**GIVEN INFORMATION:**
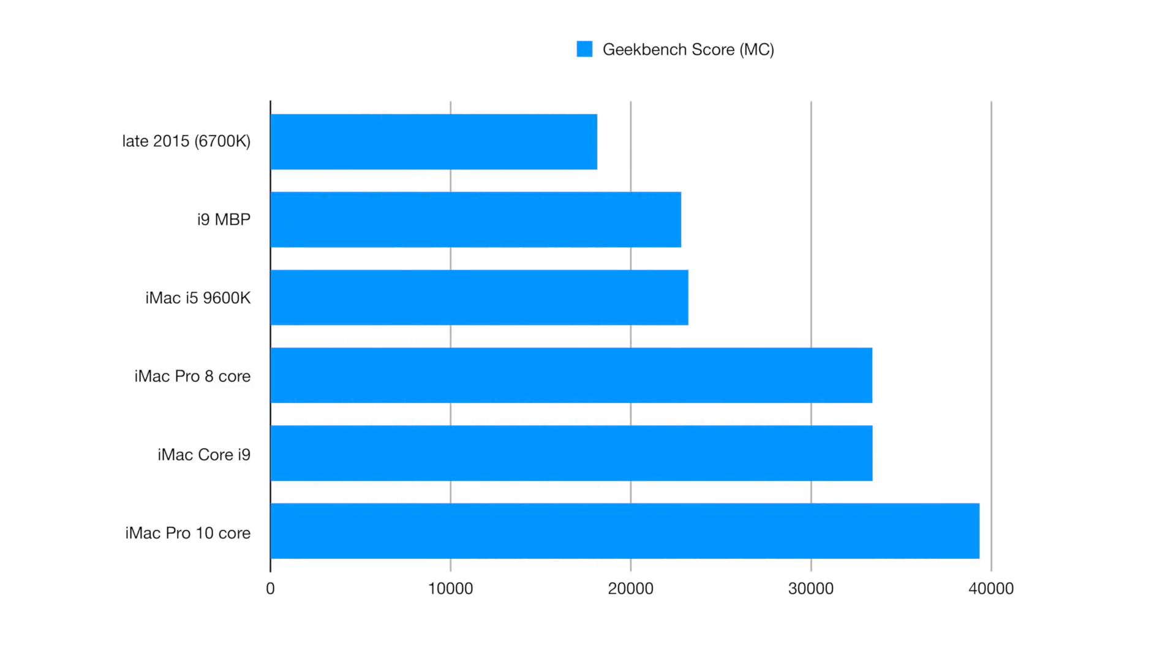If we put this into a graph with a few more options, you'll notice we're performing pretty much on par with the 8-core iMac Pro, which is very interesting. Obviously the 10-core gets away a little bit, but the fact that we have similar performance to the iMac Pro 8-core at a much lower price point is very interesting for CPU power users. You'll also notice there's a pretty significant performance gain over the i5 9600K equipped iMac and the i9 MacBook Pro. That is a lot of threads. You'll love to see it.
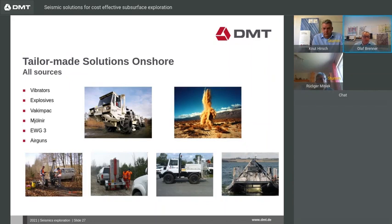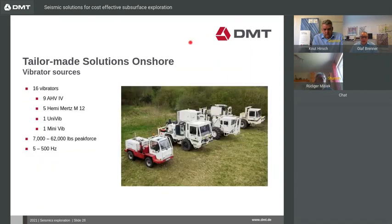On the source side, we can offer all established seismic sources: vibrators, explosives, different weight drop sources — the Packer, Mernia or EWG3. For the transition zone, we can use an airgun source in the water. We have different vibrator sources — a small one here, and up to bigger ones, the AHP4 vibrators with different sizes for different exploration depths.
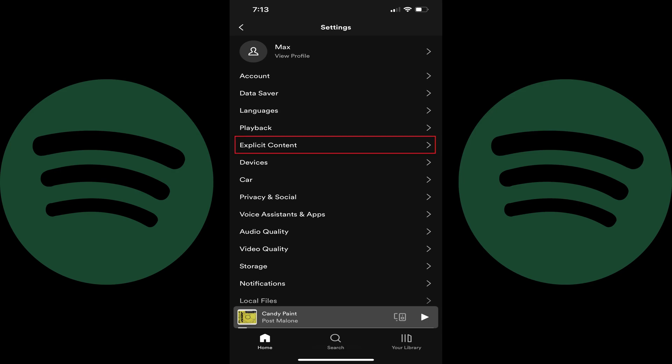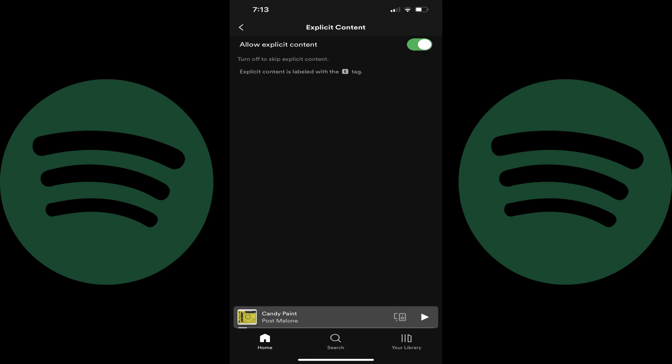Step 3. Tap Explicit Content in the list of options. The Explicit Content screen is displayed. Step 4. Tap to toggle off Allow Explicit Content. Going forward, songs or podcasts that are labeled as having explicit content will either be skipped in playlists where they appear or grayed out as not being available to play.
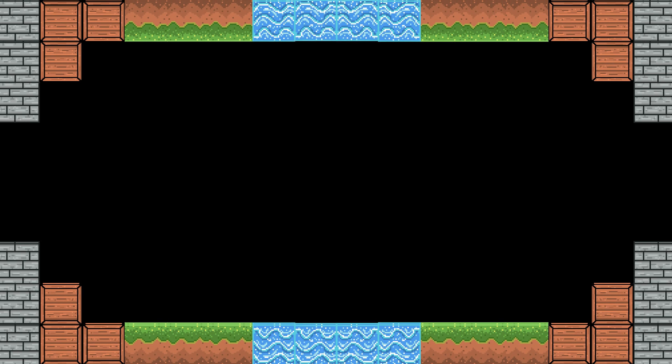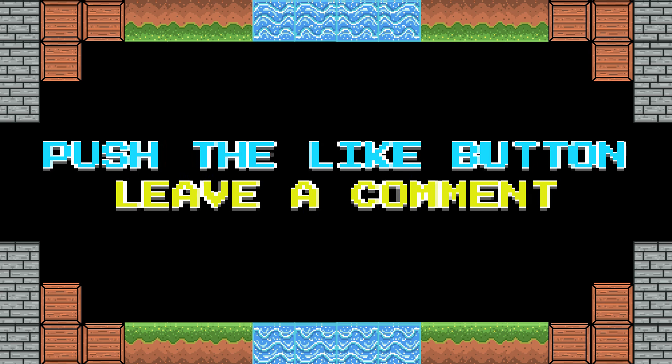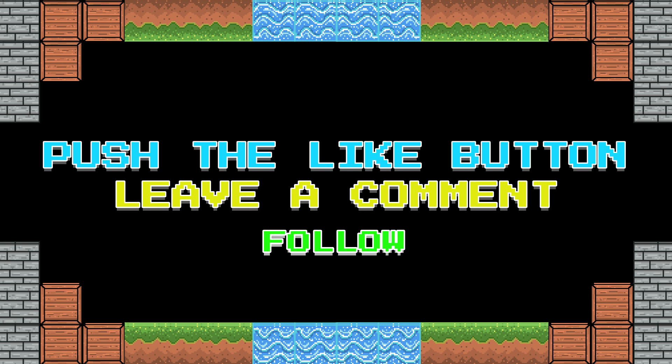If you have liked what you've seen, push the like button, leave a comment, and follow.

**PROBLEM:** Starting from the line that contains "Step 3. Tap", transcribe exactly each line down to the final line of the material above, excluding every picture and adding nothing else.

**OUTPUT FOR THIS TASK:**
Step 3. Tap Explicit Content in the list of options. The Explicit Content screen is displayed. Step 4. Tap to toggle off Allow Explicit Content. Going forward, songs or podcasts that are labeled as having explicit content will either be skipped in playlists where they appear or grayed out as not being available to play.
If you have liked what you've seen, push the like button, leave a comment, and follow.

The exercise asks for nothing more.